The ejection port and grip safety area can also encounter issues. Poorly done work here can be difficult to repair, often requiring welding and refinishing. As with the Dual Crimp sights, some of these guns are victims of the obsolescence of their parts, especially grip safeties. We’re fortunate companies like EGW now offer solutions in the form of grip safeties with a smaller mounting radius allowing us to refit a badly gapped installation.

Round Guns

Revolvers, while admittedly simpler machines than some autos, can still cause headaches in the used market. Their problems for the most part are not too difficult to address, but there are a few things which can be deal killers. Be wary of “action jobs” if you don’t know who has done the work. Internal components for older revolvers, especially Colts, are in ever-shortening supply.

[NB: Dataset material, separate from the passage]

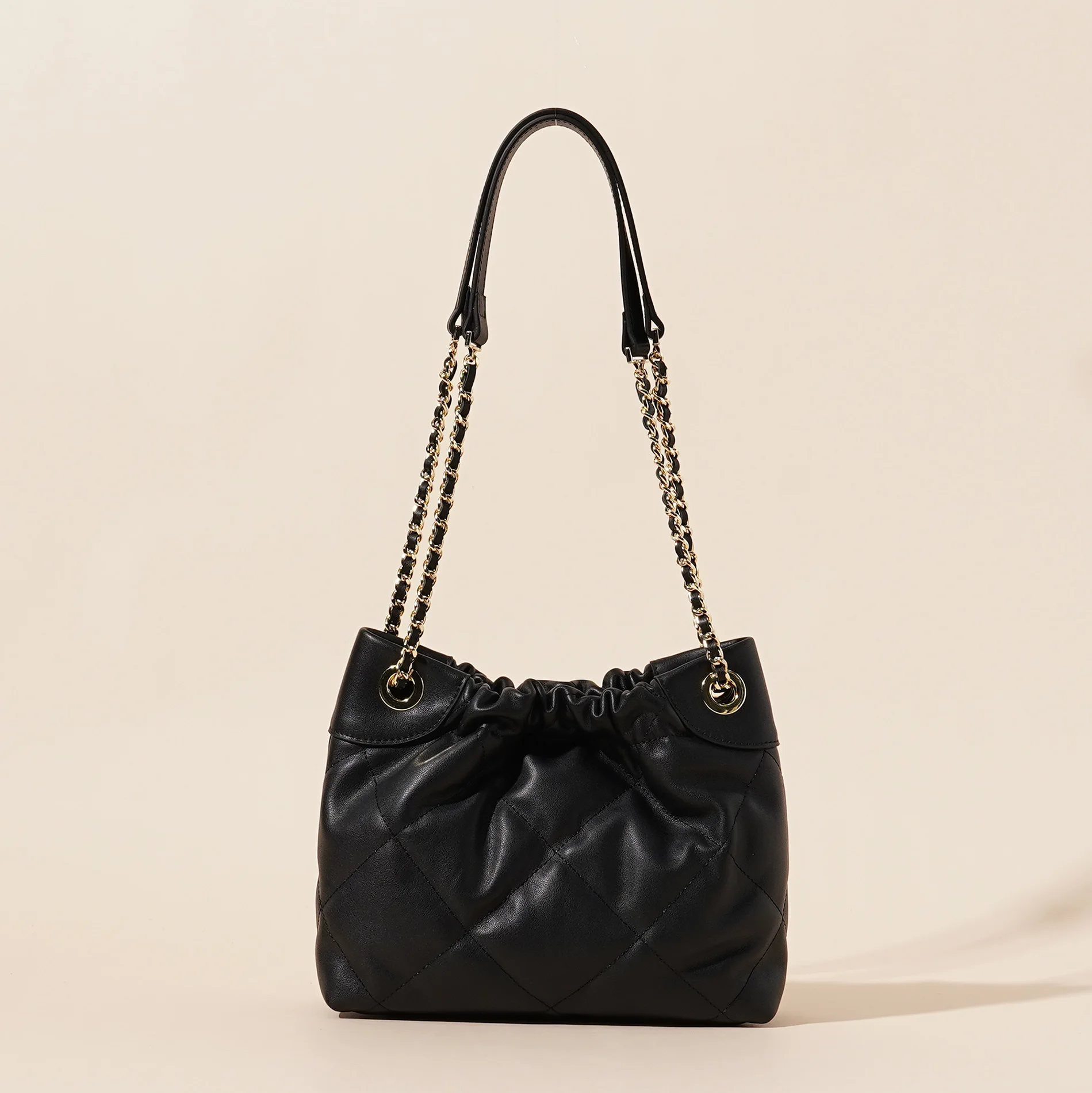 

Autumn and Winter New Bucket Bag Women's Tote Chain Shoulder Leather Women's Bag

Check the forcing cone area, particularly on K-Frame S&W Magnums — a crack here can cost you a new barrel.

Simpler problems are common, from bent ejector rods to misaligned yokes, but these are not very difficult for an experienced smith to repair.
So, are you scared away from the used gun market? Don’t be! There are some fantastic pieces out there, some treasures of history, some functional works of art, even. There are also time- and cash-sucking albatrosses out there. The trick is to be informed, patient — and a little cautious.